Fast-growing colleges and universities should understand that "communication is key," said Kim Griffo, executive director of the International Town-Gown Association at Clemson University in South Carolina. The organization has worked with Georgetown University and the University of Maryland at College Park.

She suggests that neighborhood associations try to include students in community service projects and other social activities to build better relationships.

"When they get to meet and make eye contact and see that these are their neighbors, the tension seems to lessen some," she said. "The neighbors are less likely to call the police, and the students are less likely to party as loud."

Griffo also recommends requiring students to inform campus officials and police when they are having a party and getting recommendations from university leaders in campus organizations.

Towson University enrolls more than 21,000 undergraduate and graduate students, but guarantees housing only to its college freshmen. Campus housing now accommodates about 40 percent of undergraduates, but the school is planning to build residence halls to accommodate 2,400 additional beds by 2018.

The school's undergraduate enrollment has increased by 30 percent in the past seven years. Graduate enrollment has increased by 53 percent in the same time period.

"Most people think that because our enrollment has gone up, that should directly correlate to the number of beds on campus," Cooper said, "but not all of those people want to live on campus or are eligible to live on campus."

Baltimore County has attempted to address poor off-campus behavior by imposing tougher sanctions on landlords.

Marks asked the task force Wednesday to explore creating a special overlay zone for Towson University, that would require additional rules and penalties for residential areas near the school, and take a look at the code enforcement process and whether property owners have sufficient tools to evict problem tenants.

He also wants them to look at ways to enhance neighborhood stability and accommodate student renters.

"I'd like you to be imaginative," he said.

Some residents on the task force complained that some consider Towson a college town.

"We're losing people to other parts of the county, and they're never coming back," said Mike Ertel, a past president of the Greater Towson Council of Community Associations.

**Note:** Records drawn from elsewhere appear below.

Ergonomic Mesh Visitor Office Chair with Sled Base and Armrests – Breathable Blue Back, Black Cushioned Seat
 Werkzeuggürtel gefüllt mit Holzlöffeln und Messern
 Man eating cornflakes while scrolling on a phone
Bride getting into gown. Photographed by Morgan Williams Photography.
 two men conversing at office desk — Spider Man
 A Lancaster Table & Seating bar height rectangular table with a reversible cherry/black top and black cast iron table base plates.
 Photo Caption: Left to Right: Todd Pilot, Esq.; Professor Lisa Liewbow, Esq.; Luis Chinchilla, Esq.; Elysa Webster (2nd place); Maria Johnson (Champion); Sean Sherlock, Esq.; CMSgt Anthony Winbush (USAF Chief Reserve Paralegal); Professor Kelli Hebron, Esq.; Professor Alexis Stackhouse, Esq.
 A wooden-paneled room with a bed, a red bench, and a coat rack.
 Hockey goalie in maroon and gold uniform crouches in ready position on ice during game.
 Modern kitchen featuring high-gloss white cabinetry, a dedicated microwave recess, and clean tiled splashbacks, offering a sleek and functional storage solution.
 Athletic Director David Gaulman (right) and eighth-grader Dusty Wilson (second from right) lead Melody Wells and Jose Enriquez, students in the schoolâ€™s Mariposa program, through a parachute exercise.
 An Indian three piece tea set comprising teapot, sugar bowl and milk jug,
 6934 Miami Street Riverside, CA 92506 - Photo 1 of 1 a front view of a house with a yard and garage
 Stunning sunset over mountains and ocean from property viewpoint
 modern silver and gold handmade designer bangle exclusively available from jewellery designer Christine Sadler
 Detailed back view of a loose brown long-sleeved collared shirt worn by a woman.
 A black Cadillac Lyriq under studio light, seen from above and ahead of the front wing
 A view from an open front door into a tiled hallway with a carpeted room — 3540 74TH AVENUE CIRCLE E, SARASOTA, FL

He said Towson is losing starter homes in neighborhoods such as Burkleigh Square to college renters.

Local landlord Randy Cooper said being a college town has its benefits.

"Instead of us against them, we should be celebrating," said Cooper, who is not related to the university spokeswoman. He spoke of student spending on local businesses.

Towson University senior Scott Rappaport, one of the school's community ambassadors, said students and neighbors need to work together.

"I feel like residents have a preconceived notion that students are going to come in and cause havoc. So, students feel like they're being attacked because they're not being given a chance," said Rappaport, 21. "We need residents and students to really trust each other."